Il y a trois raisons pour lesquelles Minorque en conserve autant. La première est la Réserve de Biosphère déclarée par l'Unesco en 1993, qui a freiné le béton quand d'autres îles étaient déjà construites jusqu'au rivage. La deuxième est le Camí de Cavalls, le sentier historique de 185 kilomètres qui fait le tour de toute l'île : grâce à lui, on accède à pied à des criques qui seraient autrement inatteignables, mais cette marche fait aussi office de filtre. Et la troisième, ce sont les espaces naturels protégés —le Parc Natural de s'Albufera des Grau, la Réserve Marine du nord et un bon nombre d'ANEI (aires naturelles d'intérêt particulier)— où il est interdit de construire.
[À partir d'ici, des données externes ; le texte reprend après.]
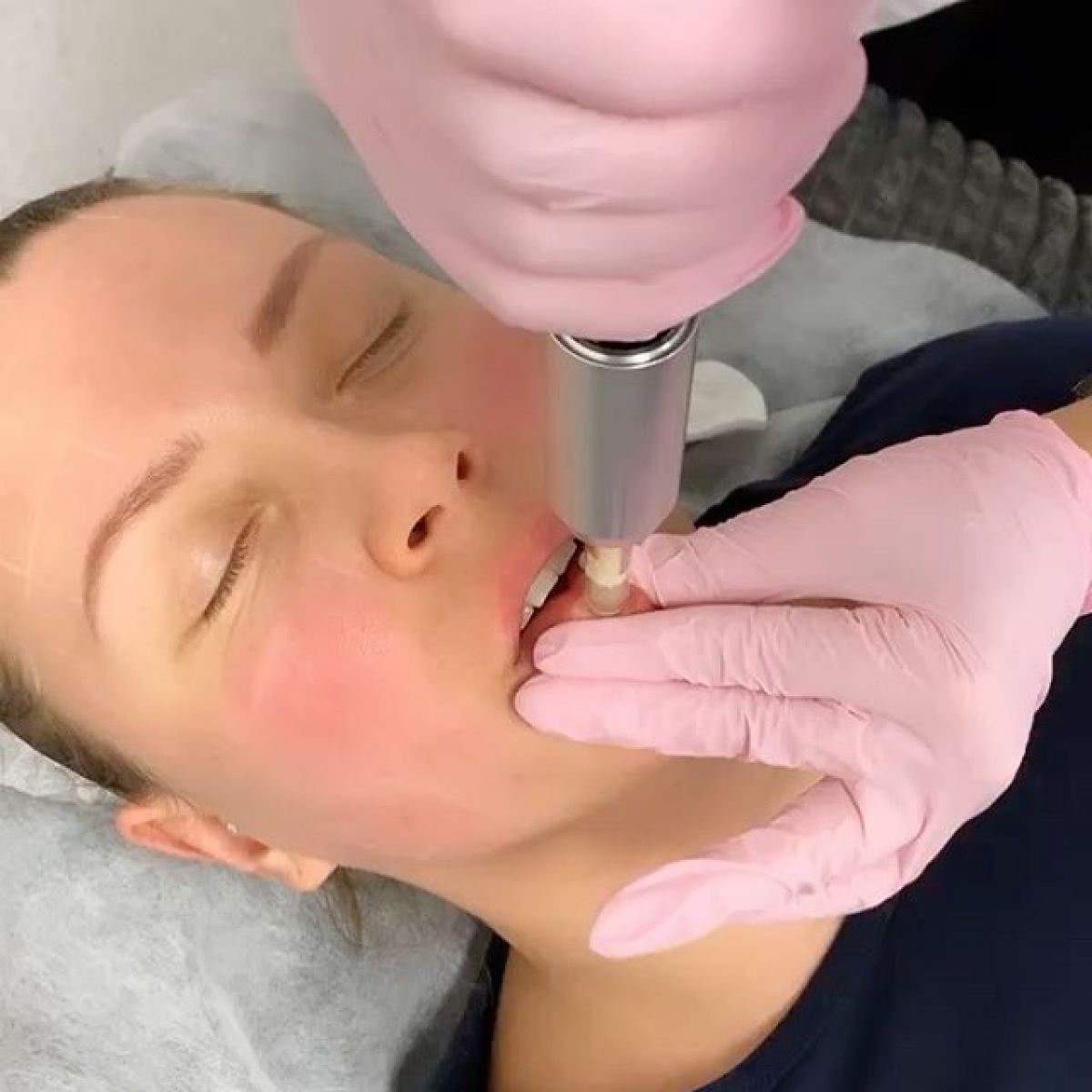 Hyaluron pen Lèvres à Dax (40) Par Mélanie - Estheca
Le résultat est une île aux dizaines de plages de sable dans un état presque sauvage. Ce n'est pas qu'elles soient cachées : elles figurent sur les cartes. Le fait est qu'y arriver demande un effort, et ce petit effort préserve l'ambiance.

Les criques sauvages du sud

Le sud de Minorque, c'est la côte du sable blanc et de l'eau turquoise. Ici, les criques sont l'embouchure d'un ravin : un torrent à sec qui descend entre des parois de calcaire, avec la pinède jusqu'à presque le rivage, et qui débouche sur une plage de sable clair. L'eau prend des tons turquoise parce que le fond est de sable fin.
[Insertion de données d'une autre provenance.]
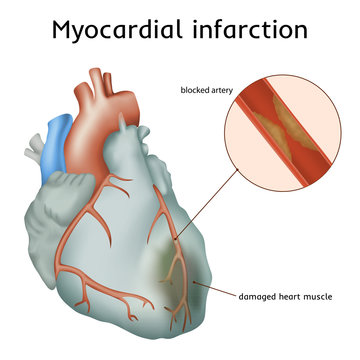 Myocardial infarction. Heart attack. Blocked artery, damaged heart muscle. Anatomy illustration. Colorful image, white background.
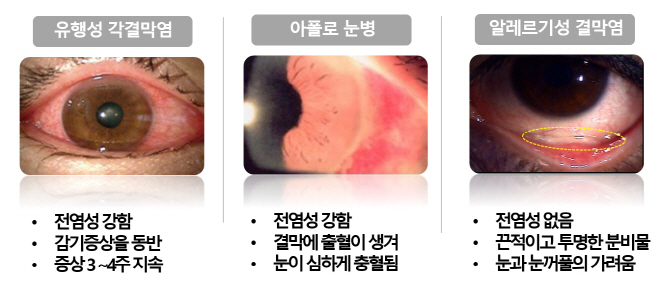 사진3_유행성각결막염,아폴로눈병,알레르기성결막염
Les criques sauvages du sud se concentrent sur le tronçon central, celui du Migjorn, où il n'y a pas de pôles touristiques. Certaines ont un accès en voiture restreint en été ; d'autres, aucun.
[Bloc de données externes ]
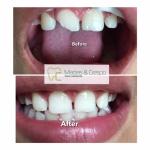 Before & After
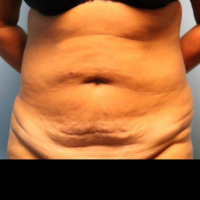 Before photo of a woman who had a tummy tuck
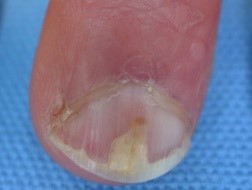 Diabetes Nails - Loose Nails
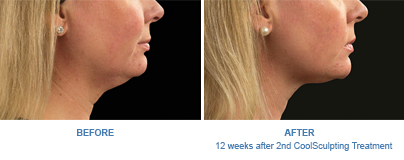 CoolSculpting submental fat before-and-after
Cala Escorxada en est l'exemple type. Elle se trouve à Es Migjorn Gran, entre Cala Trebalúger et Sant Tomàs, et elle est restée la même qu'il y a cinquante ans : sans route, sans un seul bâtiment. On y accède uniquement à pied par le Camí de Cavalls, entre une heure et demie et deux heures de marche, ou par la mer. Sa voisine immédiate, Cala Fustam, est encore plus reculée.

Cala Binigaus, également à Es Migjorn Gran, est une longue plage de sable clair à l'ouest de Sant Tomàs. Elle n'a pas d'accès en voiture jusqu'au sable : on descend à pied en une quinzaine à une vingtaine de minutes. Derrière s'ouvre le Barranc de Binigaus, l'un des plus spectaculaires de l'île.

Au sud-ouest, sur le territoire de Ciutadella, se trouvent les grandes connues qui résistent encore comme sauvages : Son Saura, Es Talaier et Cala Turqueta. Ce sont des plages protégées, aux eaux peu profondes et tranquilles, avec un parking payant qui se remplit tôt en juillet et août. Sauvages par le paysage, oui, mais les plus visitées du groupe précisément à cause de leur renommée.

Tu as le reste du littoral sud organisé, crique par crique, dans le guide des criques du sud de Minorque.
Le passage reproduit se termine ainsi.